I spent last summer in the mountains working in a bike shop and mountain biking. It was a fabulous summer, outdoors, doing what I love. While I was there, I met a really fun guy. We started hanging out and enjoying each other’s company.
He invited me on a jeep trip for a long weekend to meet up with friends down by the lake. I decided to go. I probably should have known him better before saying yes.
Nothing untoward happened, and I felt safe the entire time, but he was strange. The trip didn’t go as smoothly as planned and when we returned to our summer homes, we quietly agreed we weren’t meant to be.
A few days later, I realized I had left my brand-new pyjamas, bought on the trip, in his bag. I messaged him and asked for them back. No reply. I left it a few days, and then asked again. This went on for two weeks.
I started to get really annoyed. They were my pyjamas, and I had just bought them and wanted them back. It took another two weeks before he drove up to my house and threw them at the front door.
Why was he holding my pyjamas ransom? And why was he so aggressive?
This guy sounds very immature. Whatever happened between you on the trip – or didn’t – he felt slighted, and perhaps embarrassed. His way, possibly, to control the situation was to keep something of yours. The more upset you became over it (and rightly so), the more power he felt.
And that’s what he needed to save face – in his own mind – about the unsuccessful trip. It’s ridiculous and unnecessary, but he needed it.
Be happy you didn’t stay with him because that’s who he is and you would have had to live with that.
My wife has a friend who is married with a child. There’s something not quite right about this little girl. She stares at me the entire time we’re together, at their place, ours or out. It’s very unnerving.
Our daughter tries to engage her in play – they’re only nine years old – but she has no interest. If she’s not staring at me, she’s staring at her iPad. They give it to her all the time, never leave the house without it. I don’t like going out for a meal with them because we don’t believe in electronics at the table.
We have taught our children to engage in conversation, and if the meal goes on longer than they can manage, we bring cards or colouring, or something they can do together quietly. This little girl won’t engage in any of it.
I’ve asked my wife what her situation is, but her friend NEVER discusses anything about her daughter. Again, we don’t live like that. We talk and discuss and if one of our kids is going through something, we ask around to see if it’s normal growth or something of concern. This couple live in a denial bubble as far as I can tell.
How can we continue this family relationship if it’s all smoke and mirrors?
Unfortunately, I don’t think you will. Friendship, like all relationships, is about communication, sharing and growing. If the other couple isn’t sharing what’s going on in their lives, it will be hard for you to continue spending time with them. Especially if the issue is basically the elephant in the room.
Don’t misunderstand – I’m not saying they HAVE to share. They don’t. It’s their choice to keep their situation private. But it will have an effect on your friendship.

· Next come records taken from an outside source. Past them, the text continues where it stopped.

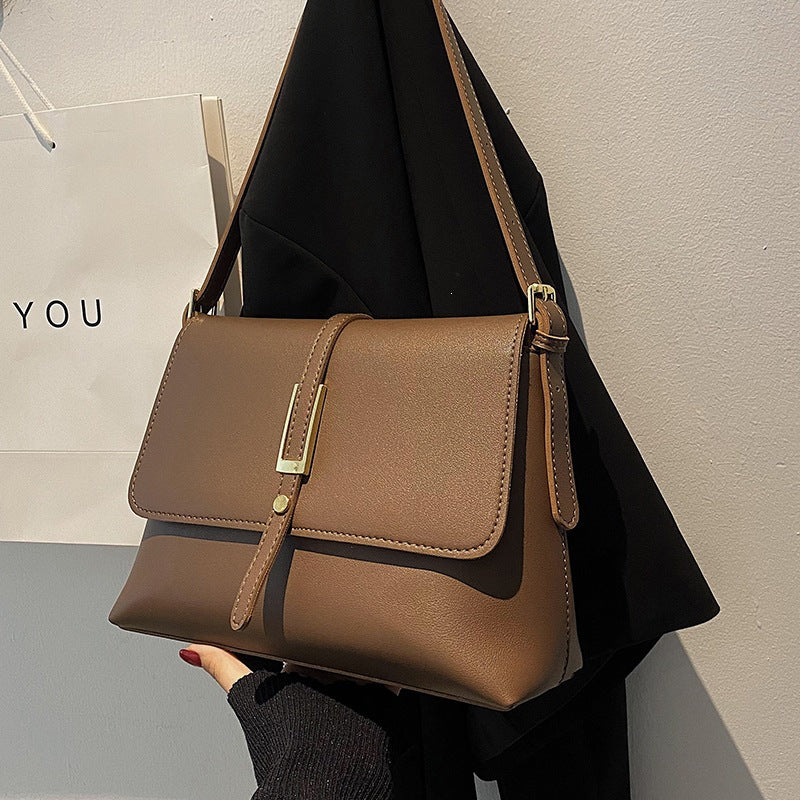 Elegant Brown Crossbody Shoulder Bag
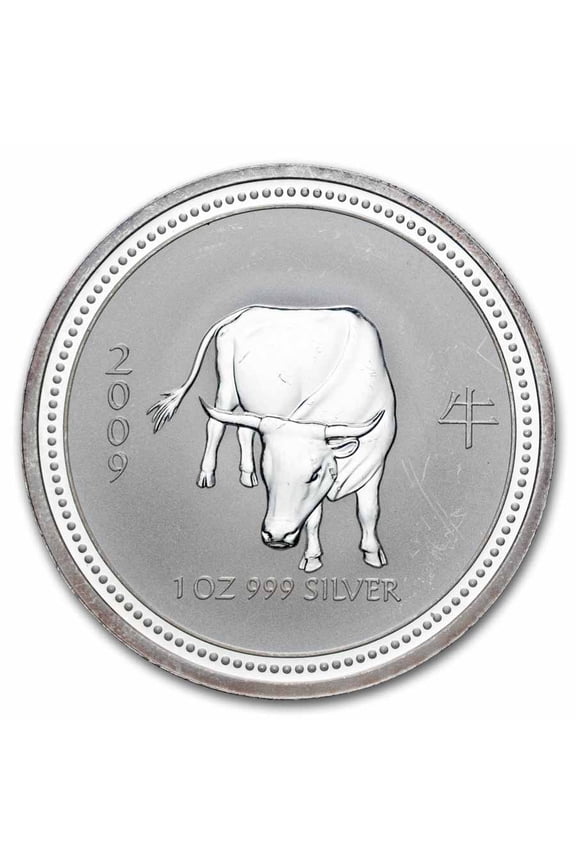 1 oz Silver Lunar Coin Series I (Abrasions)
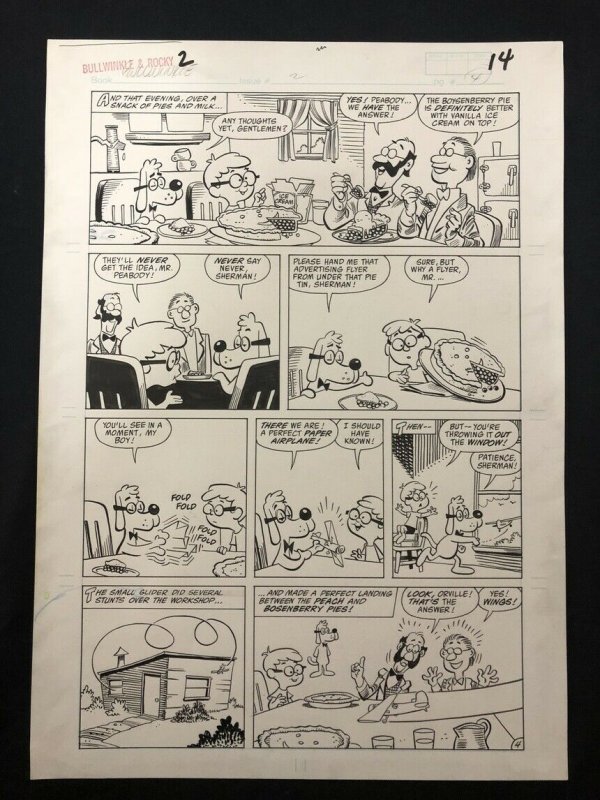 Bullwinkle & Rocky #2 Page 14 Original Art Ernie Colon Star Comics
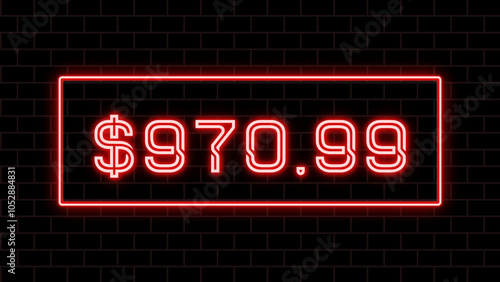 $970.99 のネオン文字 photo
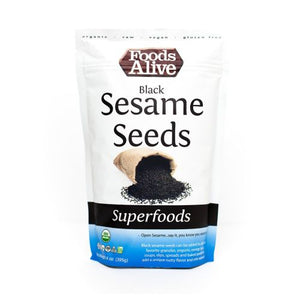 Foods Alive, Organic Black Sesame Seeds, 14 Oz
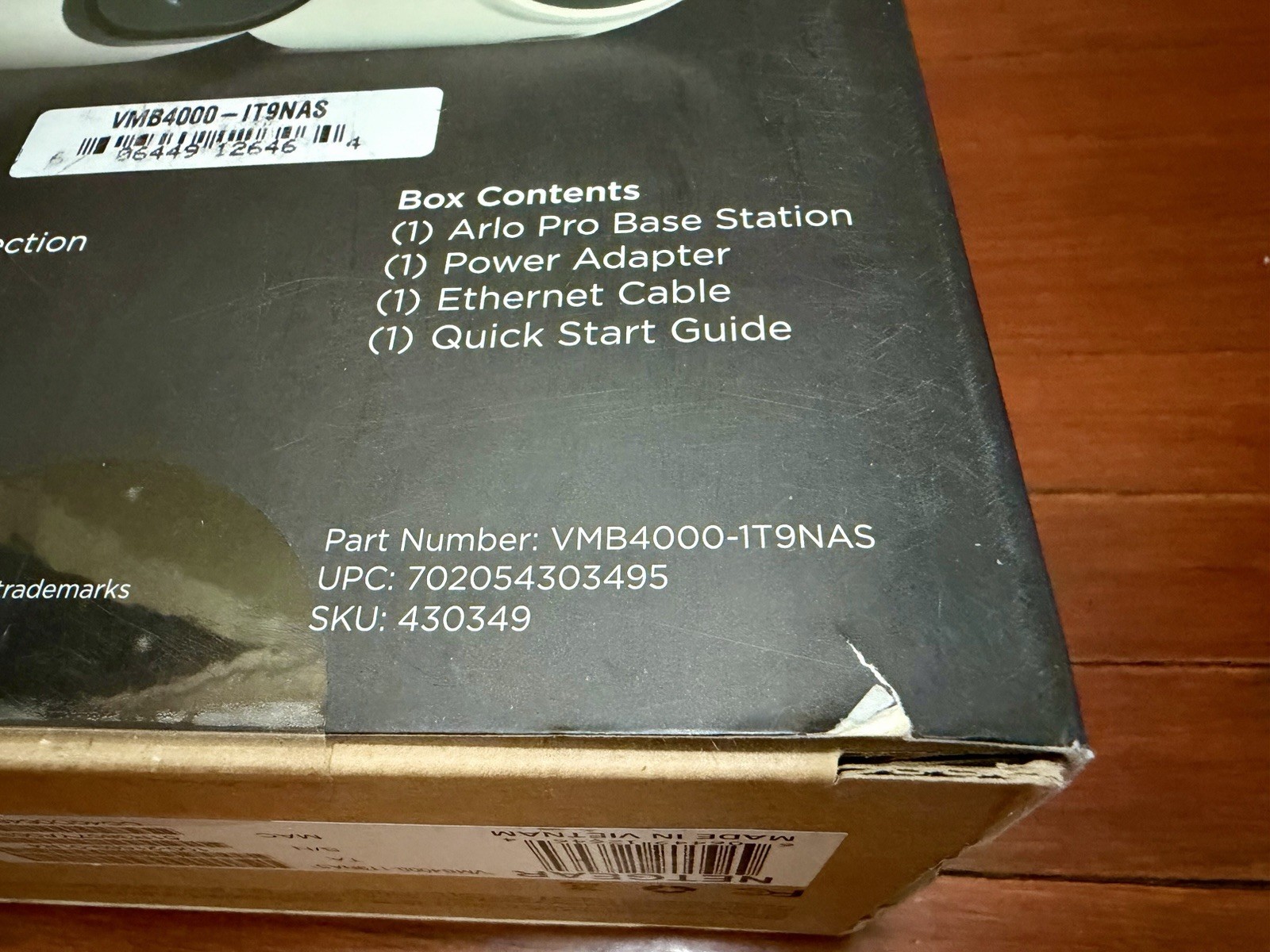 NETGEAR Arlo Pro VMB4000 Security Base Station W/ Ethernet & Power Cable Sealed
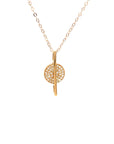 18K Rose Gold Mechanical Wheel Full Diamond Necklace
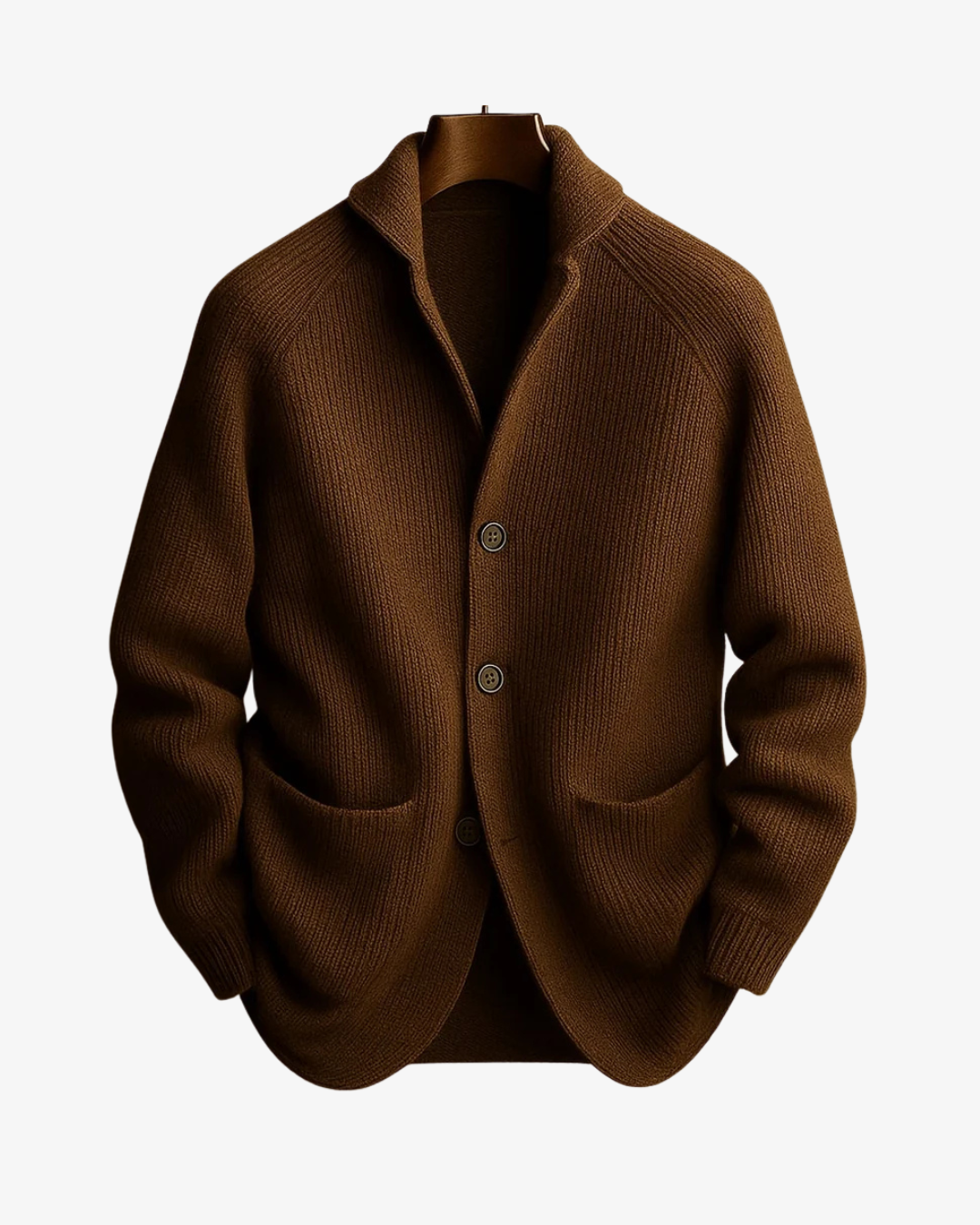 Elliot | Men's Knitted Cardigan Button Up Long Sleeve Structured
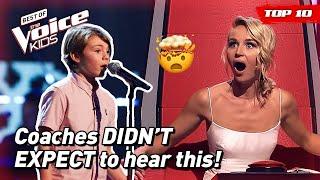 SURPRISING Blind Auditions in The Voice Kids Part 3!  | Top 10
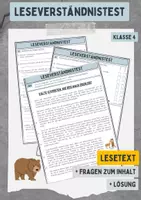 Vorschau - Unterrichtsreihen - Leseverständnistest (Kl. 4) - Kälte-Experten: Wie der Wald überlebt - Deckblatt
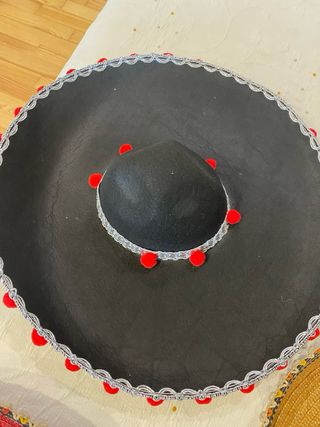 Lote 3 sombreros mexicanos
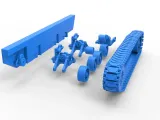 Track for Vintage Monster tank Scale 1:25-8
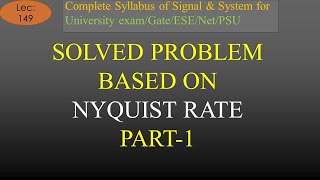 Solved Problem Based on Nyquist Rate amp Nyquist Interval Part 1 S amp S  R K Classes Hindi Lec149 [upl. by Ahgiel]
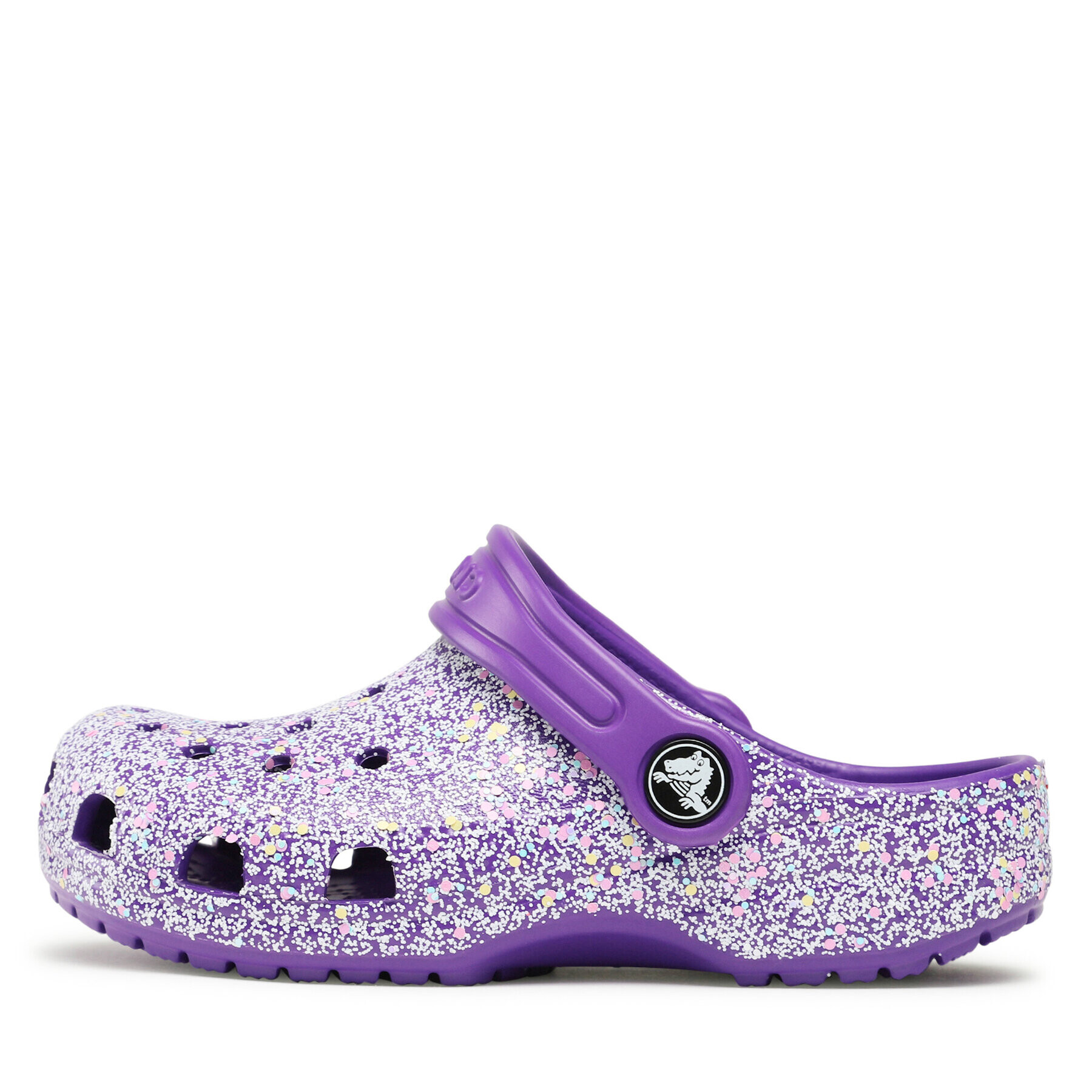 Crocs Șlapi Classic Glitter Clog K 206993 Violet - Pled.ro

FEEDBACK Regarding the nosy neighbour (Jan. 14):
Reader – “Your suggestion (Ellie) was wrong. I, too, had a nosy neighbor who watched my comings and goings from our condo complex. He was always puttering about in the yard as he was on the gardening committee. I’d no sooner get home and he’d be knocking at my door.
“He became so embolden that he started making suggestive remarks that we get together. He was a married man, and I regularly would run into his wife. I wanted no part of it in any way, shape or form. Thankfully, I have a peephole in my door, and if I saw it was him, I didn’t answer. After a few days, he got the message.
“It sounds to me like this neighbour is trying to intimidate, and there is no place for bullies in our society these days. I would suggest she stick to her guns and simply be polite and move on.”